It seems a little unfair that I listed Weeks’ “The Shape of Space” in my bibliography some time before I listed O’Shea’s “the Poincare conjecture”. Oh, “the shape of space” is a fine book, and I’m very glad I got it, but it was O’Shea who got me started – restarted – on all this.
I noticed this omission when I was editing the bibliography. I omitted it just because I wanted to say more about the O’Shea book but hadn’t figured out exactly what to say.
O’Shea’s “the Poincare conjecture” is, by and large, a pleasant mix of biography and history, and it mentions some fascinating mathematics, but – quite appropriately – it barely scratches the surface. I want more. I hope, at the very least, that some of its readers end up saying things like:
“He makes (Euclid’s) geometry sound a lot more interesting than it was in high school.”
“He talked about the non-Euclidean mathematicians rather than non-Euclidean mathematics. Where do I find the mathematics?”
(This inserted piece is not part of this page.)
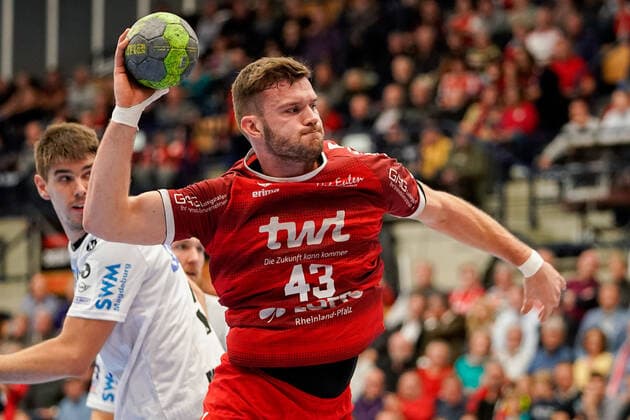 v.li.: Piotr Chrapkowski (SCM, 3), Kai Dippe (Die Eulen, 43), Aktion, Action, Spielszene, 28.11.2019, Ludwigshafen am Rhein (Deutschland), Handball, Bundesliga, TSG Ludwigshafen-Friesenheim (Die Eulen) - SC Magdeburg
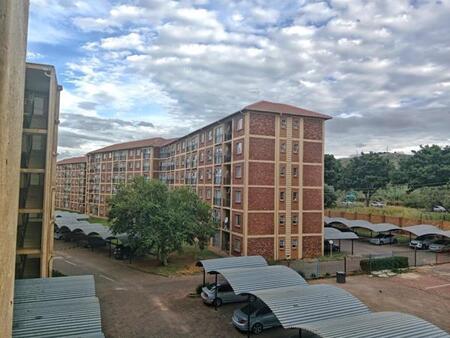 1 Bedroom Apartment in Karenpark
“What do you mean, there are an infinite number of ways to do calculus in 4D space?”
There are 3 things that stand out for me in “the Poincare conjecture”.
The easiest to mention is its reference to V. I. Arnold’s “On Teaching Mathematics”, which can be found in HTML and PDF at
http://pauli.uni-muenster.de/~munsteg/arnold.html
and
http://www.math.boun.edu.tr/instructors/ozturk/arnold.pdf
respectively. It’s a tirade – by an outstanding mathematician – about abstract and formal mathematics divorced from its roots. My favorite story from it is of the French schoolchild who is asked, “what is 2+3?” He answers, “it’s 3+2, because addition is commutative.”
True, but some of us were hoping to hear “5”. Some of us think “5” is the essential answer.
He also says he taught group theory to schoolchildren in Russia, and the notes of the class are available in English. That book just arrived this afternoon. I haven’t had a chance to look at it, but i’m eager to see what he did.
The next easiest to mention is O’Shea’s “further reading”. Here is where I found Weeks’ “the shape of space”, which tries to do what Arnold says: play with surfaces, play with ways to understand 3D manifolds, do not just go for abstraction. Weeks was a student of Bill Thurston, who apparently not only had an awesome geometric imagination, but also encouraged intuition in others. Some notes and a book of Thurston’s are listed, along with a single-volume exposition of Perelman’s proof of the Poincare conjecture, “ricci flow and the Poincare conjecture” by Morgan & Tian.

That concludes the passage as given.